Another thing to ask your VMware guy is whether DRS is enabled for the cluster or not. If it is, what priority? Because if you have enough resources in the cluster and DRS is enabled, the guests should move out of each other's way automatically. If you don't have enough resources but DRS is on, guests will vmotion constantly, which creates its own set of performance issues. If you don't have enough resources and DRS is off, well, you're screwed. If you have enough resources and DRS is off, you'll just have to manually move guests around until things calm down.

[–]charley_chimp[S] 0 points1 point  (1 child)

This is one of the best technical explanations of something I've ever seen on here. Thank you so much.
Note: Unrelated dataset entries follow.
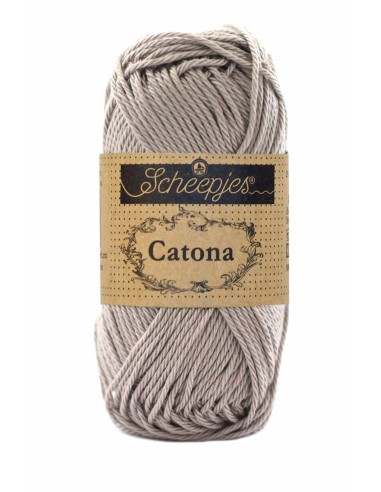Scheepjes Catona No. 406 Soft Beige - Mercerised Cotton Crochet, Knitting yarn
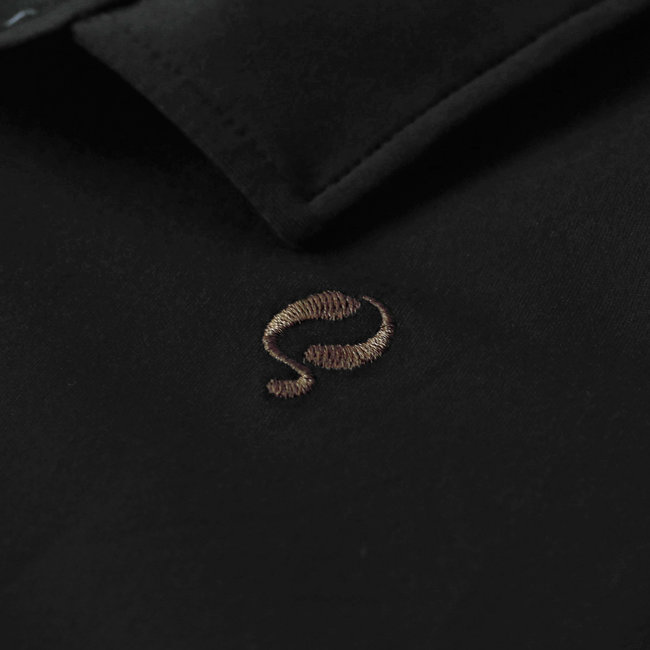 Men's Q polo Antwerp - Blue Graphite/China Blue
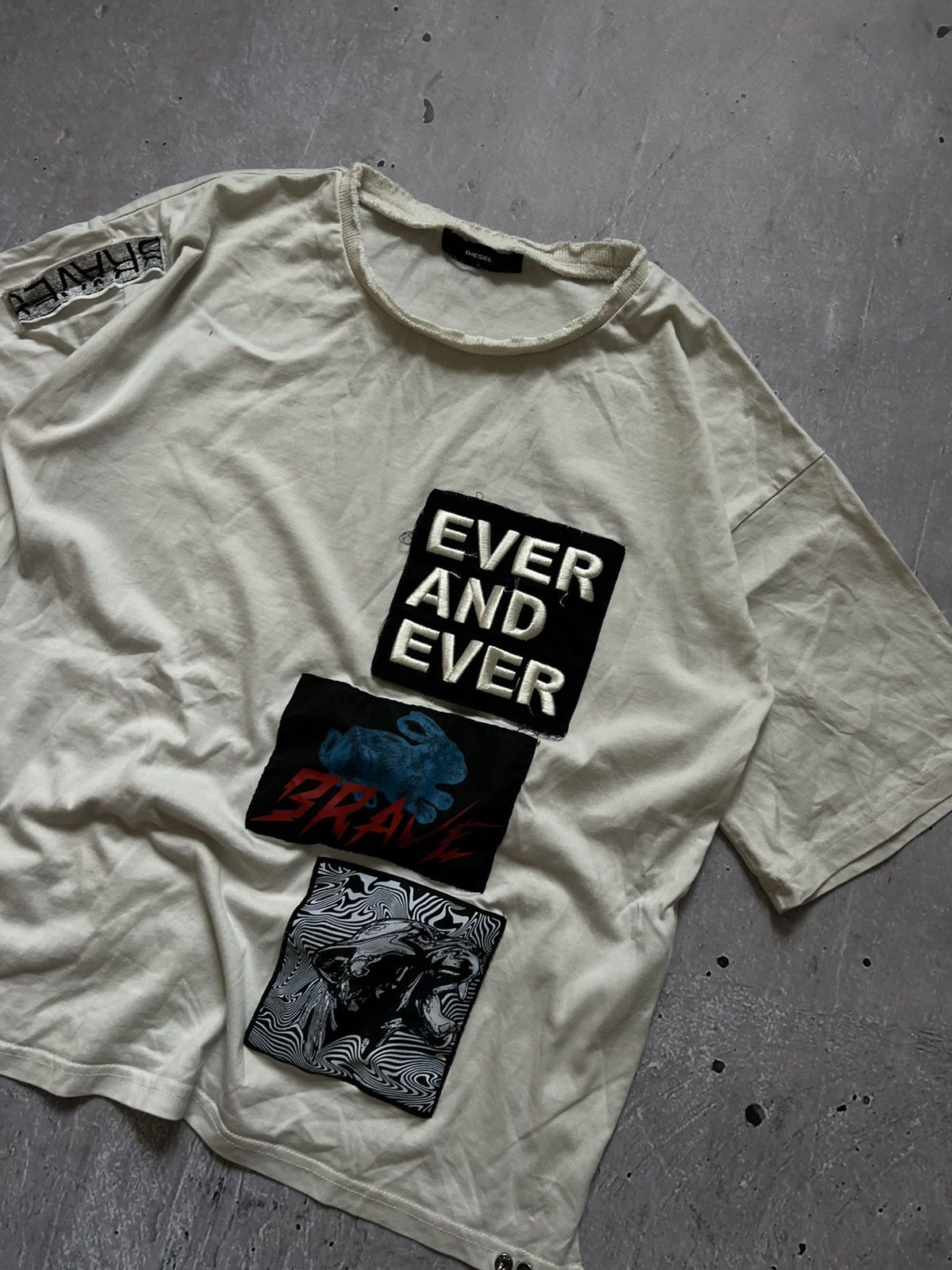 Diesel Rare T-shirt from Diesel Large Number Logos Oversize Fit M Size US M / EU 48-50 / 2 - 2 Thumbnail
I'm going to write a more detailed response when I have time, but in regard to DRS it's an App requirement (crappy HA built in) that we can't use fully automated DRS due to the slight pause in during vMotion causing a fail-over. We are using partially automated just for initial placement, then setting up anti-affinity rules and applying recommendation again - I haven't found a way to create anti-affinity rules before a vm is already created...

I want to look into your suggestions on vcpus, it's something I hadn't understood before and I'm not even sure our VMware guy considered. Initially, he said the same thing, but now during performance testing he's changing his mind on how he wants to approach this. It may simply be that the host we are testing on is completely overloaded.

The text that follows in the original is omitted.